__Stored data__
========

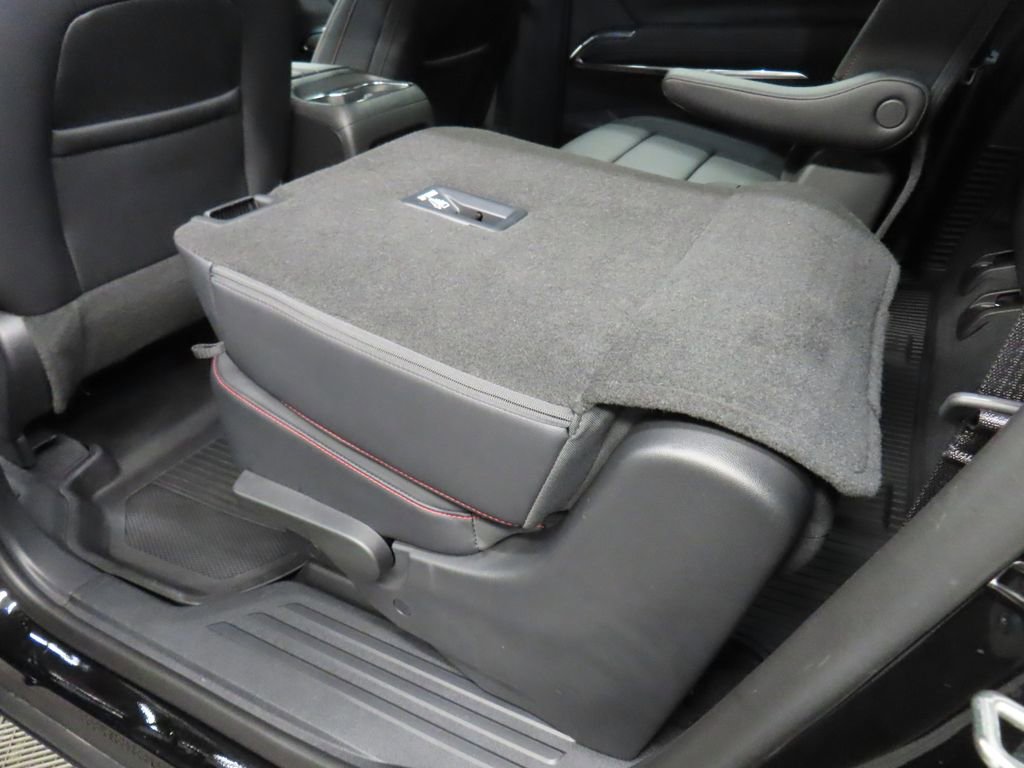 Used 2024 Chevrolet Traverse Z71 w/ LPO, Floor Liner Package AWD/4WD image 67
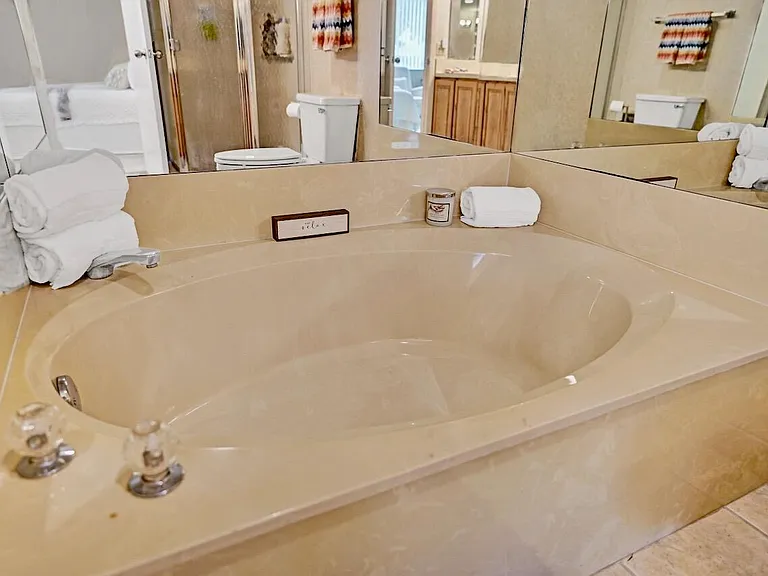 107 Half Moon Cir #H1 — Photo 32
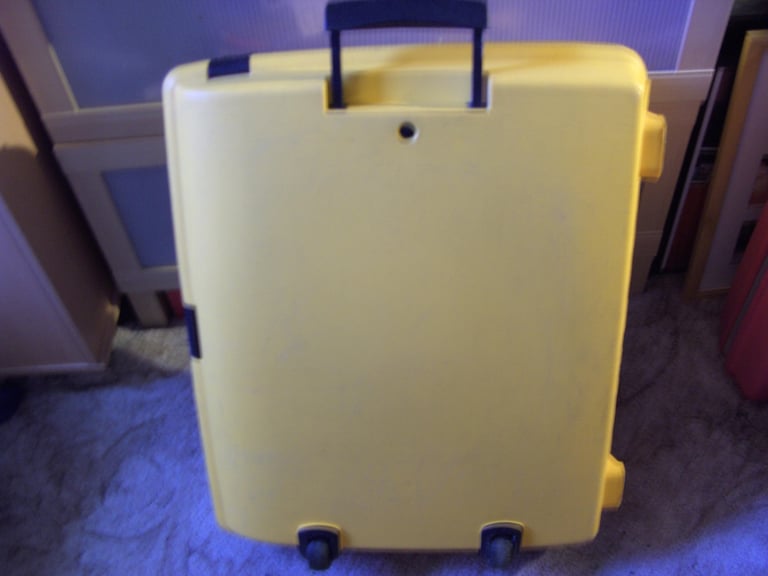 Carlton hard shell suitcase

========

The listing above needs to be output again exactly. Don't include the pictures.

 Used 2024 Chevrolet Traverse Z71 w/ LPO, Floor Liner Package AWD/4WD image 67
 107 Half Moon Cir #H1 — Photo 32
 Carlton hard shell suitcase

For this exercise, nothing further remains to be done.